## EXERCISE AIM
The exercise calls for the lines from the one containing "2020 Subaru WRX STi" to the end of the data below to be output exactly, pictures excluded.
:::
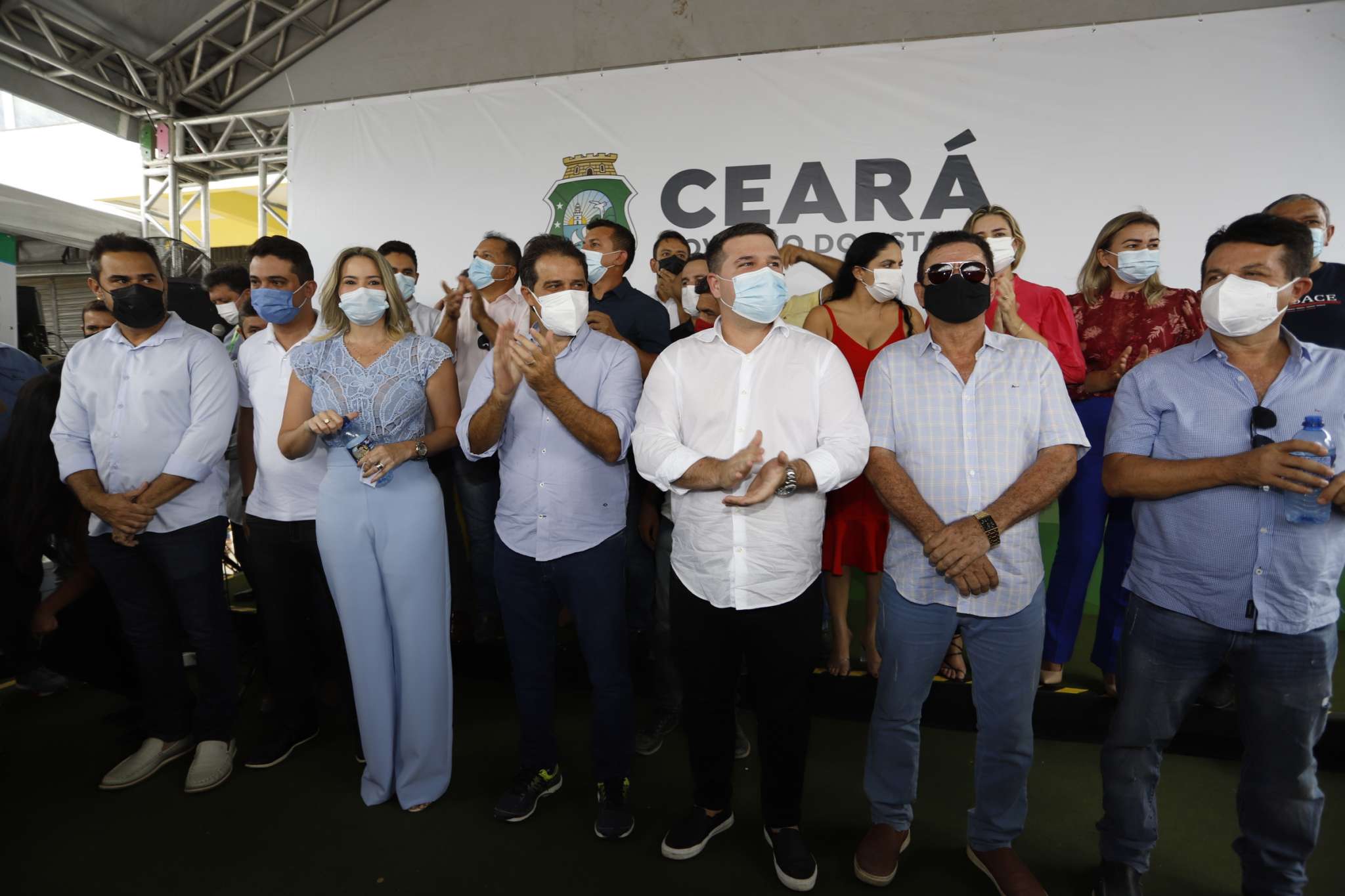 Sertão dos Crateús: mais quatro municípios recebem investimentos do Governo do Ceará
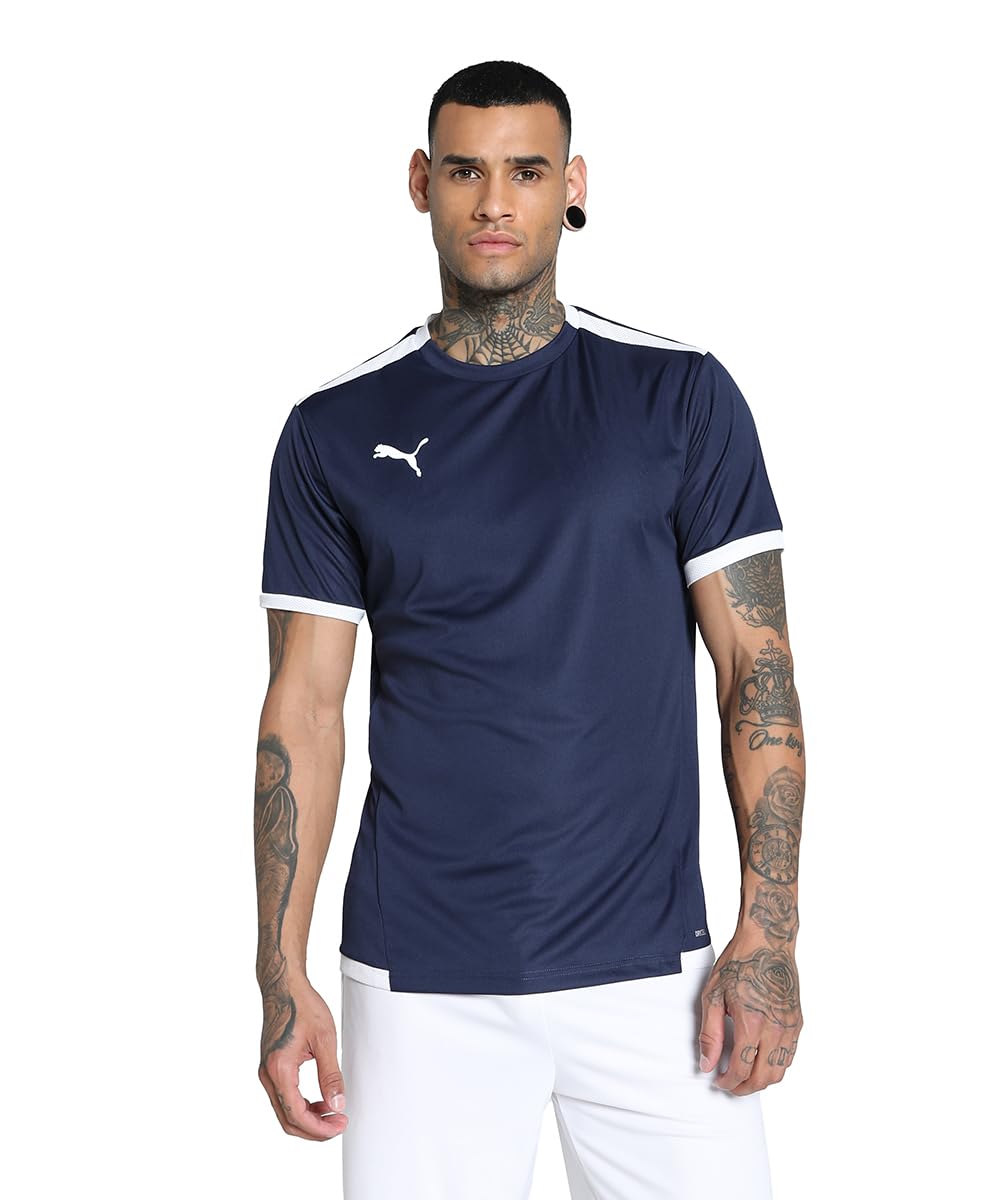 Puma Teamliga Jersey T-shirt Unisex - Adult
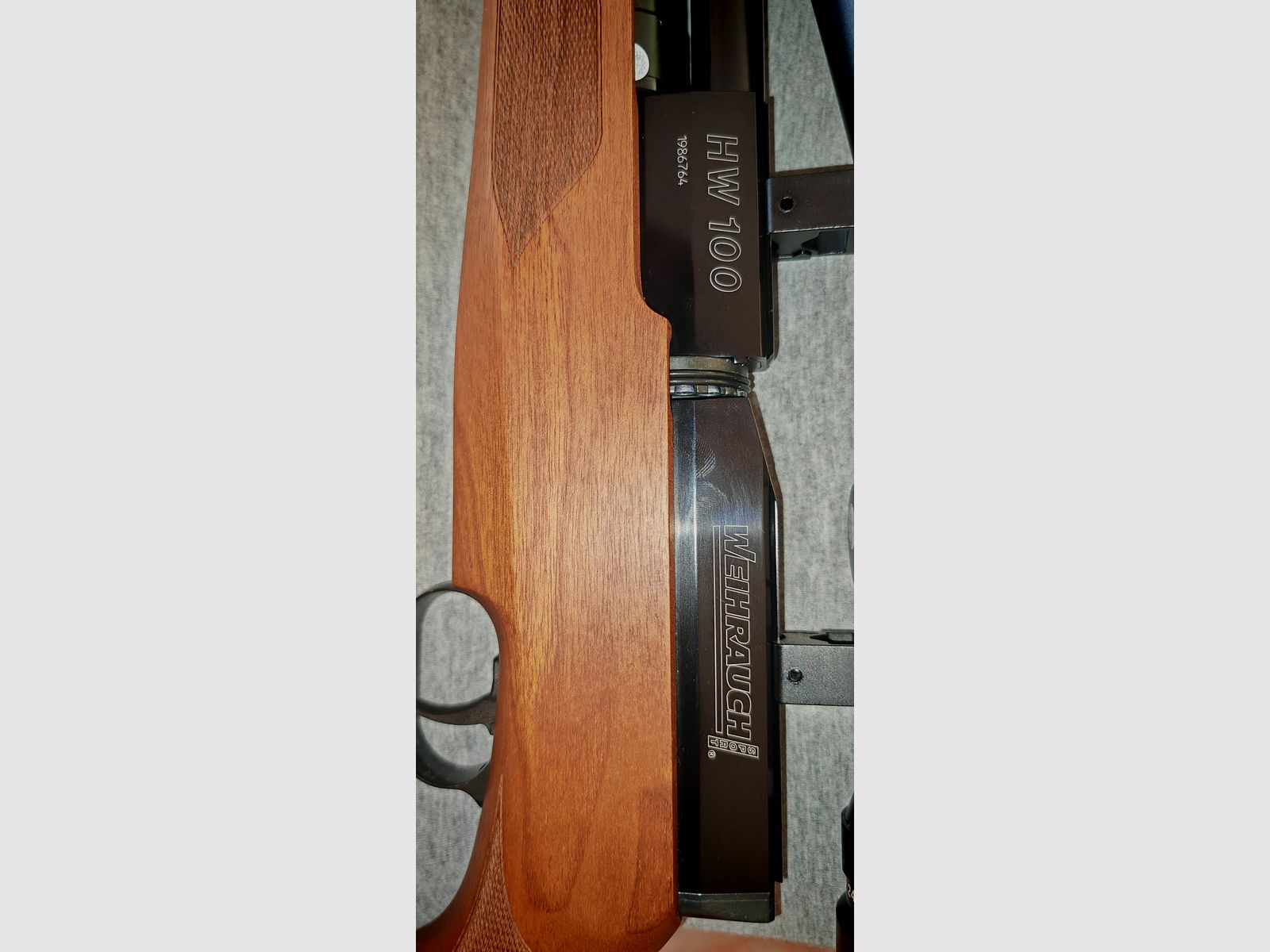 HW 100 FSB  BESTZUSTAND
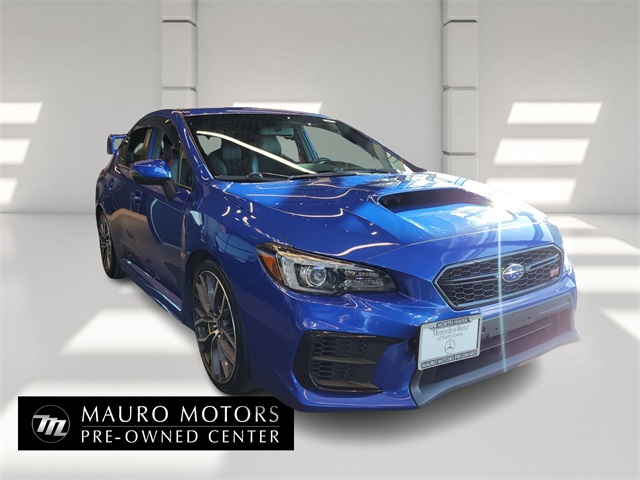 2020 Subaru WRX STi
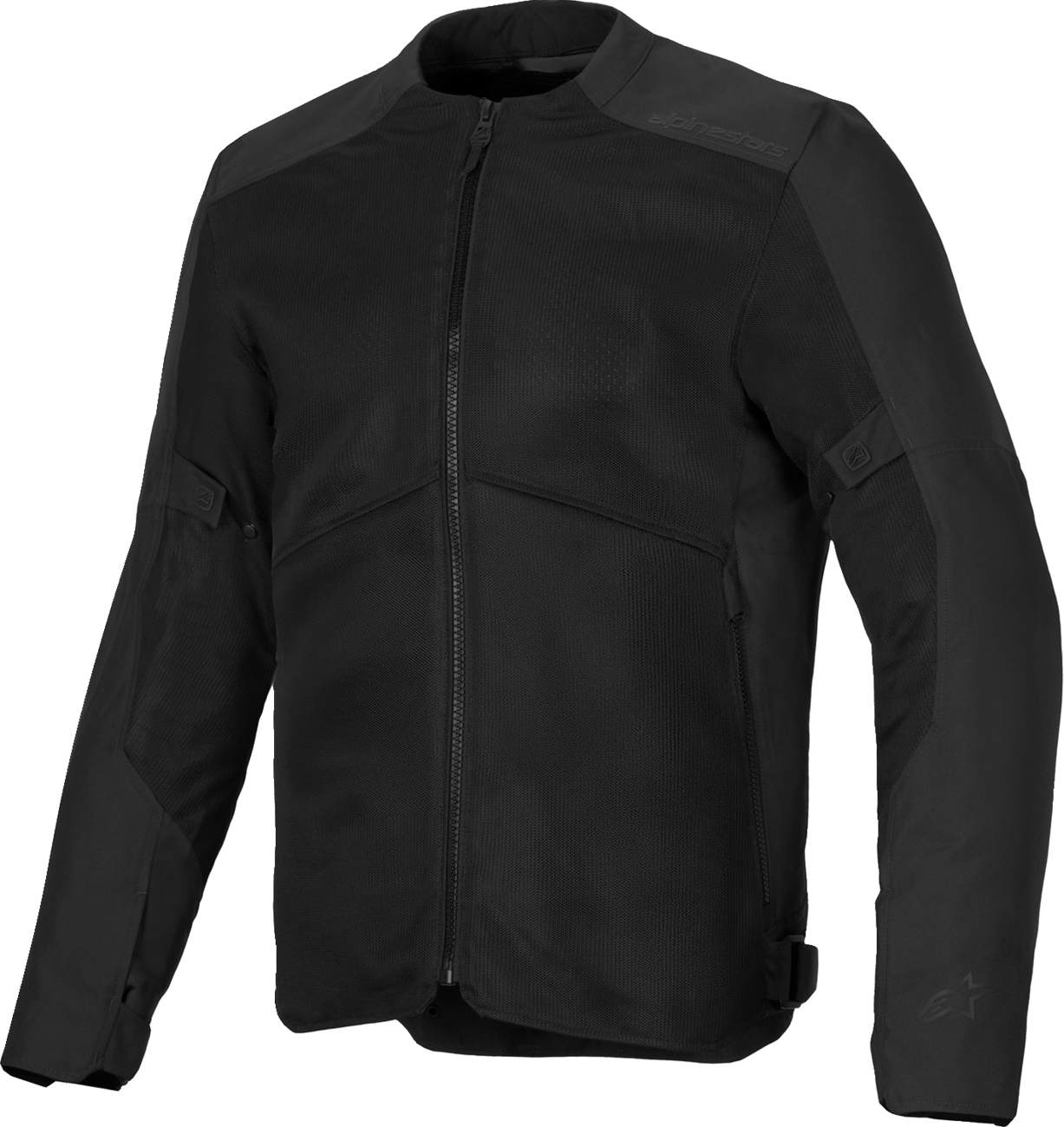 Alpinestars C-1 Air Jacket - Black, Size Large - Motorcycle Riding Gear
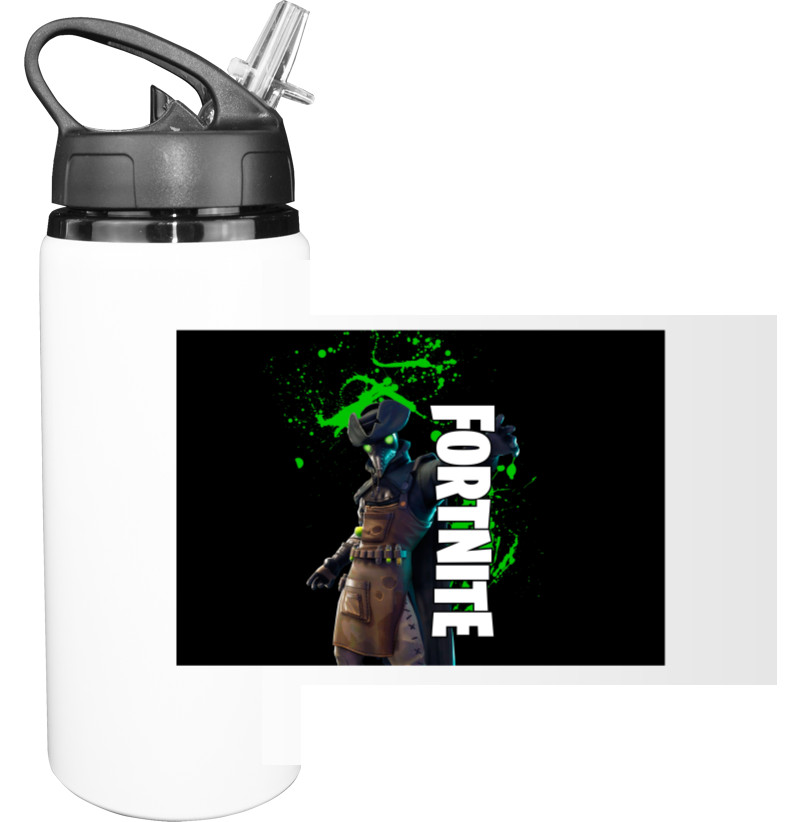 Sport Water Bottle - FORTNITE (12) - Mfest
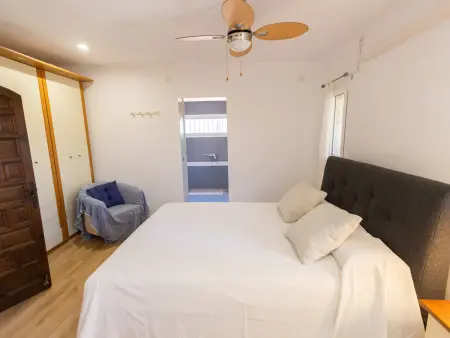 Villa relaxante, vue forêt & mer, piscine - 6 pers. - Photo 15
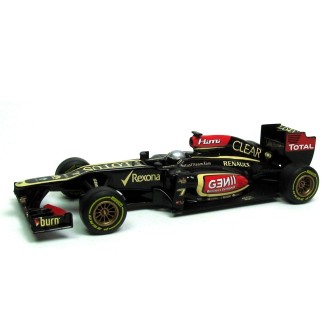 LOTUS F1 2013 KIMI RAIKKONEN CORGI 1/43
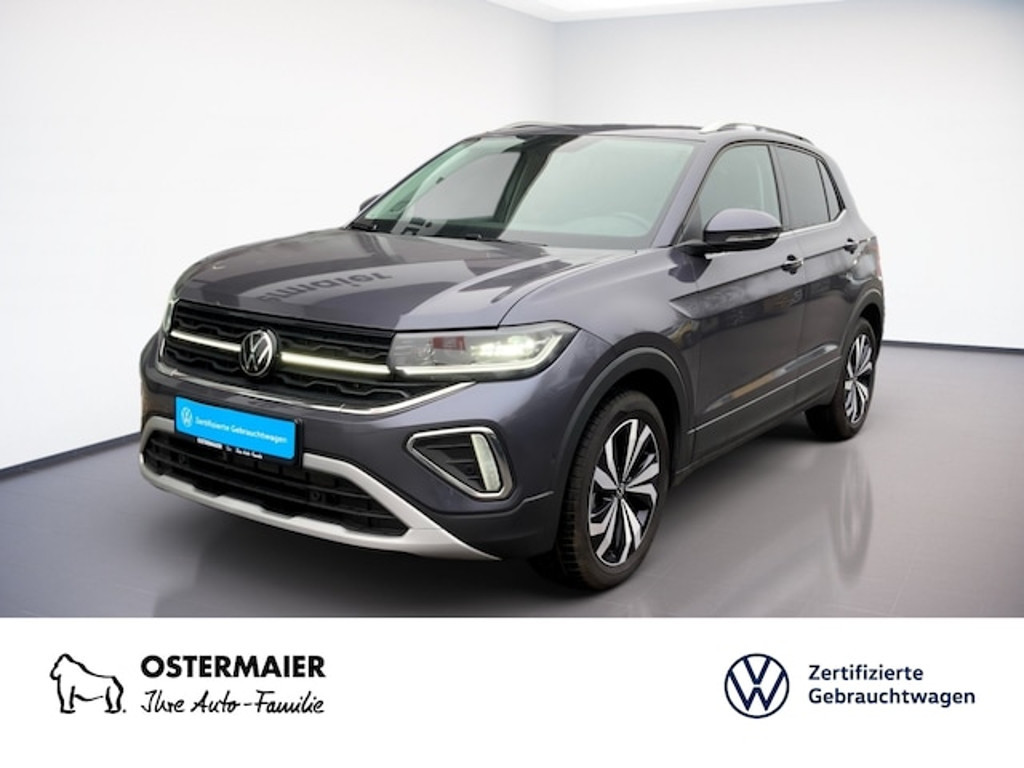 Volkswagen T-Cross 2024 Benzine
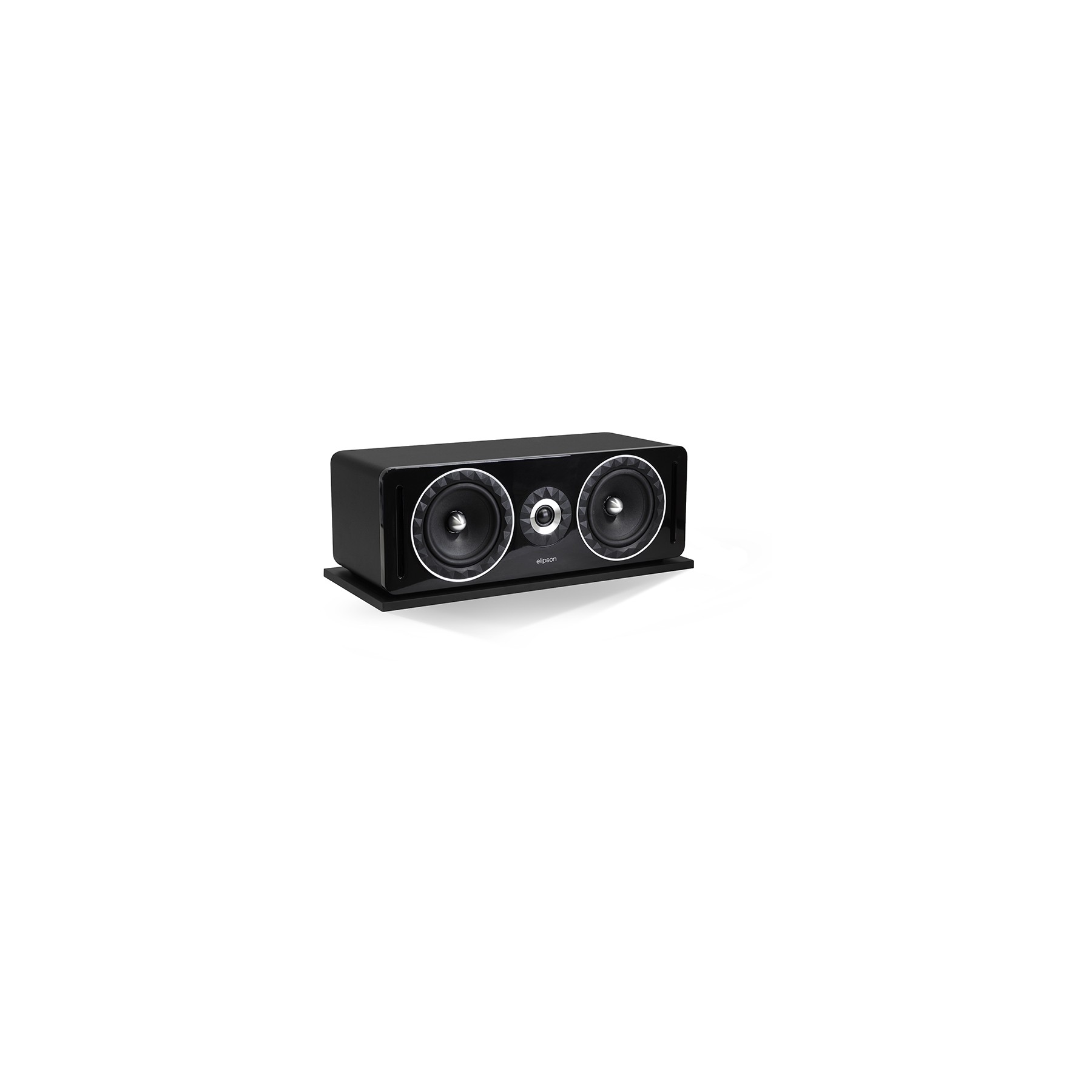 Enceinte centrale ELIPSON Prestige Facet 14C Noir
:::
## OUTPUT FOR THIS TASK
 2020 Subaru WRX STi
 Alpinestars C-1 Air Jacket - Black, Size Large - Motorcycle Riding Gear
 Sport Water Bottle - FORTNITE (12) - Mfest
 Villa relaxante, vue forêt & mer, piscine - 6 pers. - Photo 15
 LOTUS F1 2013 KIMI RAIKKONEN CORGI 1/43
 Volkswagen T-Cross 2024 Benzine
 Enceinte centrale ELIPSON Prestige Facet 14C Noir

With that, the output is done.